We’re constantly experimenting with what we send people — developing a style and then testing out new things to see what we can tweak, improve, and better. If you want to learn more about content marketing and how to communicate in a way that’s different, unique, and fun — check out our content marketing free webinar or our upcoming class launching the last week of February.

In the end, the highest email open rates come from creative emails.

In our free webinar, Mattan and I chat about our top ten quick-wins for making content that actually gets shared. We break down the definition of content marketing and share ten strategies for engaging with your audience in a more meaningful way. In our upcoming class, we’ll be breaking down what content marketing is, who’s doing it really well, and how to construct email campaigns, experiments, and incentives so you can grow your own business, brand, or project.

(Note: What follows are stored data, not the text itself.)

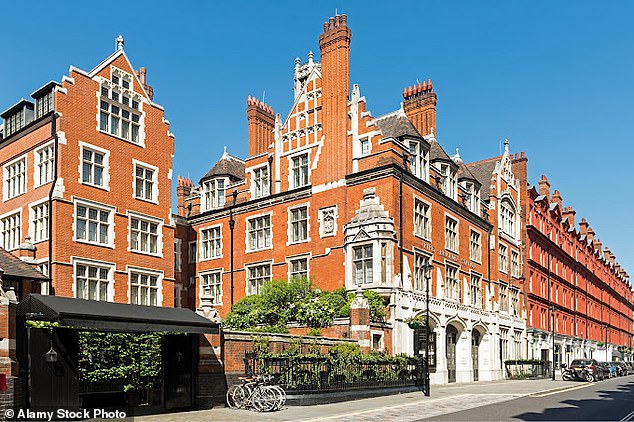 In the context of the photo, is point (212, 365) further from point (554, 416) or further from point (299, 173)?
point (299, 173)

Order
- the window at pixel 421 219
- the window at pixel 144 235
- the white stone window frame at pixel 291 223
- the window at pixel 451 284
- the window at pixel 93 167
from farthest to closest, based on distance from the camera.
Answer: the window at pixel 451 284 < the white stone window frame at pixel 291 223 < the window at pixel 421 219 < the window at pixel 144 235 < the window at pixel 93 167

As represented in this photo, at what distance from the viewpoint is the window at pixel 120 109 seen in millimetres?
32812

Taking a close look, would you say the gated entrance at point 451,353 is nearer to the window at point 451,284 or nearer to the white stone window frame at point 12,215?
the window at point 451,284

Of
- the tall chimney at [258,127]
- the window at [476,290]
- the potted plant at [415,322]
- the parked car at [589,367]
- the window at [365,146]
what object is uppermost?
the tall chimney at [258,127]

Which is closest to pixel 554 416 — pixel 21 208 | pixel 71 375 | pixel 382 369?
pixel 382 369

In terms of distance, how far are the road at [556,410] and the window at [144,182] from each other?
20351mm

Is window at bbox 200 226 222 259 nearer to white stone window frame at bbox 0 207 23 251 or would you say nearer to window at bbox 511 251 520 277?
white stone window frame at bbox 0 207 23 251

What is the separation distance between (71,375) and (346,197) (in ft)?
71.9

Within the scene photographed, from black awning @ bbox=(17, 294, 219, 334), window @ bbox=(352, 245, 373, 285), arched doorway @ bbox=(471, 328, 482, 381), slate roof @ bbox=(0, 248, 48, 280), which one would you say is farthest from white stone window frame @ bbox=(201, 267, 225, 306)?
black awning @ bbox=(17, 294, 219, 334)

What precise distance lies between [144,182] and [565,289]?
174ft

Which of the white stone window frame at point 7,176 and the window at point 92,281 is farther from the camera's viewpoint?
the white stone window frame at point 7,176

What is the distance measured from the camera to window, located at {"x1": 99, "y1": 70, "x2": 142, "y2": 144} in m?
32.8

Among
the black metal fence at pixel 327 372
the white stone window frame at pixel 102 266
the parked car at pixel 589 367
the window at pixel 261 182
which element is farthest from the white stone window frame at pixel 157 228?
the parked car at pixel 589 367

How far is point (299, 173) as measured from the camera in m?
41.1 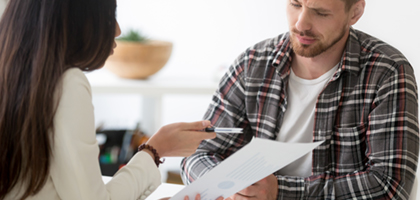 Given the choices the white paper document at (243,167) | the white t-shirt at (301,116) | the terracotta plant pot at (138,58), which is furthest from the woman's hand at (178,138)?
the terracotta plant pot at (138,58)

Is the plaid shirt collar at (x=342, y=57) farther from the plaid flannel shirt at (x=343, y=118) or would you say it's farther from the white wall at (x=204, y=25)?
the white wall at (x=204, y=25)

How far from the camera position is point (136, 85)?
2.40 meters

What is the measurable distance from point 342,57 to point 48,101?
0.87 metres

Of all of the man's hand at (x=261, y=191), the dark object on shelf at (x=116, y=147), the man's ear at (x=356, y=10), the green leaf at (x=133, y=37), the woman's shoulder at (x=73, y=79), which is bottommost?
the dark object on shelf at (x=116, y=147)

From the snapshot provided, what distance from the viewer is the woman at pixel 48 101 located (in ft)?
2.57

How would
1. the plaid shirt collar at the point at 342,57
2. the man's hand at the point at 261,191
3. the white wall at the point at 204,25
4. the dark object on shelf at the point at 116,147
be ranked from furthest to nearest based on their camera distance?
1. the white wall at the point at 204,25
2. the dark object on shelf at the point at 116,147
3. the plaid shirt collar at the point at 342,57
4. the man's hand at the point at 261,191

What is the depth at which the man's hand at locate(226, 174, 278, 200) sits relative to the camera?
3.83 feet

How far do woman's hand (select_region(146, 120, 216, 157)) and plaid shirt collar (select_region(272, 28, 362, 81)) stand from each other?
432 millimetres

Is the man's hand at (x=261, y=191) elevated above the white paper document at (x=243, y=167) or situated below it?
below

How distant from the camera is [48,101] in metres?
0.78

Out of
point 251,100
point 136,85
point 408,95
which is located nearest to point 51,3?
point 251,100

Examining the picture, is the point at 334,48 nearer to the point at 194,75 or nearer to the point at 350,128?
the point at 350,128

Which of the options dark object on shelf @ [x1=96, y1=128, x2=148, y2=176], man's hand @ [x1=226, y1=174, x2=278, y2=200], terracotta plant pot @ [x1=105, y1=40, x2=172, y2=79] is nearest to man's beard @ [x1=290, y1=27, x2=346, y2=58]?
man's hand @ [x1=226, y1=174, x2=278, y2=200]

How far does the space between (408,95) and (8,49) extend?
0.99 metres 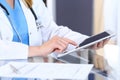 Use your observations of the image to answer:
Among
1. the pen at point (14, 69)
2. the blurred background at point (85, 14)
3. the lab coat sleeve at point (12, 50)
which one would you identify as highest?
the pen at point (14, 69)

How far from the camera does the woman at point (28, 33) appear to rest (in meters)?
1.04

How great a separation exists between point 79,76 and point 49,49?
1.23 ft

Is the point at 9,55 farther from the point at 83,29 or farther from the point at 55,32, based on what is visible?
the point at 83,29

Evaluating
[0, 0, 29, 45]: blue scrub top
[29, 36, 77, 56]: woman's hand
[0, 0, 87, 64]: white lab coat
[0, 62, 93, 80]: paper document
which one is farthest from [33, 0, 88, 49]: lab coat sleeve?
[0, 62, 93, 80]: paper document

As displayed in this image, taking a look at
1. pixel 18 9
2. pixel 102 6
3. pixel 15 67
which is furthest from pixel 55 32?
pixel 102 6

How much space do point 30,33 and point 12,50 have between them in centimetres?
18

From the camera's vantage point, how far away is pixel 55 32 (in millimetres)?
1360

And last but not least, the email winners:

Also, I have to announce the winner!

We had so many creative replies. Congrats to Craig Morrison for having the funniest response. You made me laugh out loud.

Here’s what Craig wrote:

The best part about football is the singularity of the sport.

It’s just you, versus your opponent.

You’re both surrounded by thousands of people, staring down at you as you play, all intensely watching your every move.

It’s intoxicating, knowing those players and the pressure they’re under.

Seeing them play what is much more a mental sport than any kind of physical one.

The sweat on your hands, the racquet slipping from your grip as you swing.

The pain in your knees you barely notice as you sprint across the court to take a last ditch effort at hitting the ball back to your opponent.

Wait that’s Tennis, football sucks.

PS: Don’t get me started on football, with all those different clubs and the tiny white balls. It’s barely even a sport.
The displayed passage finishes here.